The lack of a financial imperative is not insignificant. But, more than that, the book is the result of a complex layering of desires, skills, techniques and intentions. A contemporary comparison might be made with Susan Buck-Morss’ (Citation2000) Dreamworld and Catastrophe published by MIT Press in 2000. It is a book of nearly 400 pages that is primarily text-based, but which incorporates an array of images as part of the argumentation, and which opens in chapter 1 with two parallel texts (the second of which, labelled by Buck-Morss as a ‘hypertext’, runs along the bottom half of each page, offering a form of historical, contextual source text). Similar comparisons to hypertext have been made to Derrida’s (Citation1974) work, Glas, a combined reading of Hegel’s philosophy and Jean Genet’s autobiographical writing, with two columns set in different fonts, and with further inset blocks of text, described as ‘sidenotes’, or ‘marginalia’, which are sometimes several pages long.

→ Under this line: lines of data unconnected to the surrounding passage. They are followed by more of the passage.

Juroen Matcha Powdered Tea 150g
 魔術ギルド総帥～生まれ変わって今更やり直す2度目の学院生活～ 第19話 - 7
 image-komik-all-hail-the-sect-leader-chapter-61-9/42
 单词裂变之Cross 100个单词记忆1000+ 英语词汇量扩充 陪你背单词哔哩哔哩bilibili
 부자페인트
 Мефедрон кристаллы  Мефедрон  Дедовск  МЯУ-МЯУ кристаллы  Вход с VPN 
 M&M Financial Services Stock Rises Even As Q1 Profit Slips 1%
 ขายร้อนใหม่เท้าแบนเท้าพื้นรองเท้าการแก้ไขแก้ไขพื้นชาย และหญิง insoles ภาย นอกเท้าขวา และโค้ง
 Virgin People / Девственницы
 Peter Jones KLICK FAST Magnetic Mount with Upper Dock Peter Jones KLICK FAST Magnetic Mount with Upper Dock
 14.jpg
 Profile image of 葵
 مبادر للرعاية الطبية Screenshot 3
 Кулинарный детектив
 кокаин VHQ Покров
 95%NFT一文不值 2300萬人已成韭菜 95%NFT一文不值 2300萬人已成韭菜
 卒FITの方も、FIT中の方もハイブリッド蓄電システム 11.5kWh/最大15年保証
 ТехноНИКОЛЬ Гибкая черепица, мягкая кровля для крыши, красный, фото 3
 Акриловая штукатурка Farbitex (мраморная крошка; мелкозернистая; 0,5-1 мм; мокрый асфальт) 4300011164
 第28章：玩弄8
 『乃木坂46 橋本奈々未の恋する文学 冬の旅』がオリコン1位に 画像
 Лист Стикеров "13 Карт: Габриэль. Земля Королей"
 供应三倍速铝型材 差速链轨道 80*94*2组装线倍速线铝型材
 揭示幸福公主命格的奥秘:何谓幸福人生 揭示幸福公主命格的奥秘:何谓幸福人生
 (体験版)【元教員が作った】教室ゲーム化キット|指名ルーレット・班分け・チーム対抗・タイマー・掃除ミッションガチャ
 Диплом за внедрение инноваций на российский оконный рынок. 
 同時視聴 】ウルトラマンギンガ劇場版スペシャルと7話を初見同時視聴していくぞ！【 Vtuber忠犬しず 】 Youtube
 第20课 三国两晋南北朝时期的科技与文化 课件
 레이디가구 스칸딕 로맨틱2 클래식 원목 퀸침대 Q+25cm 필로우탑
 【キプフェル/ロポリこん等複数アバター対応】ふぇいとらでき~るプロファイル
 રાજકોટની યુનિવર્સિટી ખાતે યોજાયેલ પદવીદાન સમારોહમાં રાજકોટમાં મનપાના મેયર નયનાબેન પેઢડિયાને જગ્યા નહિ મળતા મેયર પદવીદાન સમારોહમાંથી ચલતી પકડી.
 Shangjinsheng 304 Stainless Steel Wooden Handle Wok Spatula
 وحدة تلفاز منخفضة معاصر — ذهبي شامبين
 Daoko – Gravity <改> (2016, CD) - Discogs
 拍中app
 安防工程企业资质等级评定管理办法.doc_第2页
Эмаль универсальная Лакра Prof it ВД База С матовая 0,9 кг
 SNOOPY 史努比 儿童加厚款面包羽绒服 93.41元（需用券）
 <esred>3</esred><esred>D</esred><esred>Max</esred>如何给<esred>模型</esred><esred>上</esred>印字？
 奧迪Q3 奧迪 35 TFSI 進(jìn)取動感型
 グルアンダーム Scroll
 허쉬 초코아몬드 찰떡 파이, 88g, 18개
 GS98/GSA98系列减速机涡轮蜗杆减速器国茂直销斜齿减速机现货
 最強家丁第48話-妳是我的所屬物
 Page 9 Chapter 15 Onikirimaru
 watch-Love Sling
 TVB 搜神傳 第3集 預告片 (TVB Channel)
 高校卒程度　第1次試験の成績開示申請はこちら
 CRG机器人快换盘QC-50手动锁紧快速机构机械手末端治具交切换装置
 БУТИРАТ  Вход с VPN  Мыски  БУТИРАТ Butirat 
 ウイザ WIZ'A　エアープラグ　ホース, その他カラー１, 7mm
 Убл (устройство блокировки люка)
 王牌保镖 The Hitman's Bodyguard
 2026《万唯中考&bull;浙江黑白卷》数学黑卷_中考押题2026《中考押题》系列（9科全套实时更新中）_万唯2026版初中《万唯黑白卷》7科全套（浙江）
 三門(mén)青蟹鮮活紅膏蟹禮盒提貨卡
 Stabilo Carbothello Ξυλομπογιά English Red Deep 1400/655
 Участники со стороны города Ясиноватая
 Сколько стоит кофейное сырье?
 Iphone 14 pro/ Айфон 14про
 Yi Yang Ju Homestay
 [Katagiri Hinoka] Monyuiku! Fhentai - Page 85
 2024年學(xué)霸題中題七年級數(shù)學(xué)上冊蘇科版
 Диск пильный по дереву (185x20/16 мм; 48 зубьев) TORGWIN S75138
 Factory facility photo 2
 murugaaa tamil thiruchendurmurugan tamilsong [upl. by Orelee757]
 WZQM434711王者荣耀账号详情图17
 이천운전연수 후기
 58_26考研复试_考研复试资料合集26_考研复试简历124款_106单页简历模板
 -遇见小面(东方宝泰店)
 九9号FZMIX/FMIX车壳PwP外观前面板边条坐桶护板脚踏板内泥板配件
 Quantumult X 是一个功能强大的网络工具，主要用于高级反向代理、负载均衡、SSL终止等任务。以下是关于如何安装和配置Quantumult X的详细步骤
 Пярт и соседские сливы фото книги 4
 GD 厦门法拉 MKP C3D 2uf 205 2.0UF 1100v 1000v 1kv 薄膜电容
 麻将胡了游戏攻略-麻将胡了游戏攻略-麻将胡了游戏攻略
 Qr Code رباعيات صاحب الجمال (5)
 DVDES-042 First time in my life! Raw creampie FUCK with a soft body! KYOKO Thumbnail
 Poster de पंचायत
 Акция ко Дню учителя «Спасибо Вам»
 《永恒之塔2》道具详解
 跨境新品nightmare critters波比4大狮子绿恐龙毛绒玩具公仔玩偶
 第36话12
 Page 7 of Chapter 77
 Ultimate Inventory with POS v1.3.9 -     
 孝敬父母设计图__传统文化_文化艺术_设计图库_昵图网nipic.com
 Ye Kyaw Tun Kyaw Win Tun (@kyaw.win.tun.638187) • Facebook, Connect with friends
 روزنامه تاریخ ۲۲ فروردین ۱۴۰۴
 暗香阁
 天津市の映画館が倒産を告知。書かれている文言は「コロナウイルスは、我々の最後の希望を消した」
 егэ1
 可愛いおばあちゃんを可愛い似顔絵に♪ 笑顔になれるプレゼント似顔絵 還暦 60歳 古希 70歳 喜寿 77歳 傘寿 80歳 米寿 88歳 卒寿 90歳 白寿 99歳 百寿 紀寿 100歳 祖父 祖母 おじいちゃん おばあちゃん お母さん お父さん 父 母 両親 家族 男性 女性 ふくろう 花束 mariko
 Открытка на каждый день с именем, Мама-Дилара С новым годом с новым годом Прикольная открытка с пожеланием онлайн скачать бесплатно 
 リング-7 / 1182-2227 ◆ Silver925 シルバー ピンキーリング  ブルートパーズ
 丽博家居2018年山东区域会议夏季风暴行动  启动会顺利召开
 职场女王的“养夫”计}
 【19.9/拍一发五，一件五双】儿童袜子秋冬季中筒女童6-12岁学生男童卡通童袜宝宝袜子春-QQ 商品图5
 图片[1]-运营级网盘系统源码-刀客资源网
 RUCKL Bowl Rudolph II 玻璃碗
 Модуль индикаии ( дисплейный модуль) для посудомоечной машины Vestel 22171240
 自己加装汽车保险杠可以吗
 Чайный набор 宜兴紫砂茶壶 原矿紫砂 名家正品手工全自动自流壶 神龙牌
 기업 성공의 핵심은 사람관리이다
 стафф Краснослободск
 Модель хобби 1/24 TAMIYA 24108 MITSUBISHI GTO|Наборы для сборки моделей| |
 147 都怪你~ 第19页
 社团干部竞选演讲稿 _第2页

In his 1987 article in the New York Times, John Sturrock (Citation1987) sees Glas as a text that is made to ‘impose a certain vagrancy on the eyes and attention of whoever reads it and to break us of our nasty linear habits’. We can see this system in place in a much earlier publication: in a 1520 imprint of Dante’s Divine Comedy (1520), blocks of text in a different font (a commentary by Christoforo Landino, 1424–1504) break up Dante’s words. As with Derrida’s notes in Glas, Landino’s commentary can be read as a discrete text; it is thought that it is not even speaking to this specific imprint of Divine Comedy, but it is a rich linguistic source in its own right, an example of the Renaissance language of Florence.

Derrida’s Glas (Citation1974), with Dante’s Divine Comedy (Citation1520) on the right. From the exhibition ‘The Book The Object’ (2016) Special Collections Gallery, University of Southampton

Derrida’s Glas (Citation1974), with Dante’s Divine Comedy (Citation1520) on the right. From the exhibition ‘The Book The Object’ (2016) Special Collections Gallery, University of Southampton

In her ‘notes on method’ in the preface to Dreamworld and Catastrope, Buck-Morss suggests the book can be ‘read on several levels’, whereby:

It is a theoretical argument that stresses commonalities of the Cold War enemies … . On another level, the book is a compendium of historical data that with the end of the Cold War are threatened with oblivion. […] The book is also an experiment in the methods of visual culture. It attempts to use images as philosophy, presenting, literally, a way of seeing the past that challenges common conceptions as to what this century was all about. The purpose of the book is to provide understandings, and subvert them. (xv).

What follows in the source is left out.